Even if you’ve done your homework and are absolutely certain that your disks use 512B hardware sectors, I strongly advise considering setting
ashift=12 or even
ashift=13 – because, remember, it’s immutable per vdev, and vdevs cannot be removed from pools. If you ever need to replace a 512B sector disk in a vdev with a 4K or 8K sector disk, you’ll be screwed if that vdev is
Just set it to 12 and forget about it.
If you set it to 9, proceed at your own peril.
Those drives can be formatted for 512b or 4k, (the controller can work with either size)
and that one is currently set to 512b
You can change it to 4k, but I would suggest not formatting it, for later flexibility if needed.
I would also suggest ashift=12 because even though that drive is set to 512, a later replacement might not be, or an addition to the vdev (making a mirror deeper/splitting mirror etc) and as you already proposed, it is easier for systems to use a 4k drive in 4k, than a 512 drive in 4k
I apologise for mentioning the recordsize, which is more to do with the workload, and you mentioned the database @16k size records, and were looking to optimise performance, which is why I mentioned it.
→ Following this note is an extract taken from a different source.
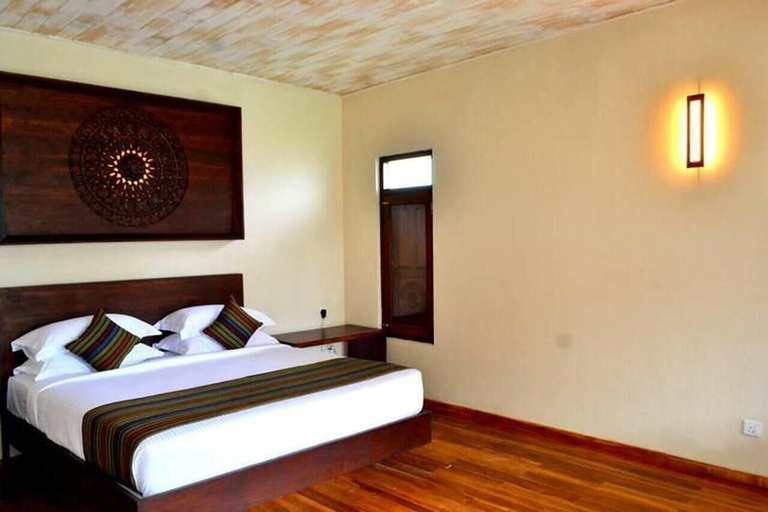 Bedroom 2, Guru Beach Resort, Tangalle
There have been reports of disappointing performance results with some the U.2 drives on certain controllers, so would be real helpful for posterity if you might share, but this is outside the scope of your request. (unless it’s an m.2 drive; they seem okay?)
“If you end up with an
ashift=9 vdev on a device with 8K sectors (thus, properly
ashift=13 ), you’ll suffer from massive write amplification penalties as ZFS needs to write, read, rewrite again over and over on the same actual hardware sector.”
I wanted to ask if this is changing at all with how SSDs buffer with DRAM cache? I don’t know much about this so this is a question and not a statement. But if the SSD sector size is for example 16K and Ashift is set to 12 for 4K, can the SSD DRAM Cache buffer hold 4 X 4K writes and then write all 16K to the NAND flash? Can buffering remove the write amplification?
That’s not a bad question, even for the drives with real/fake SLC cache drives
Be aware that at least a bit of this info is outdated. For example L2ARC is not necessarily ephemeral anymore.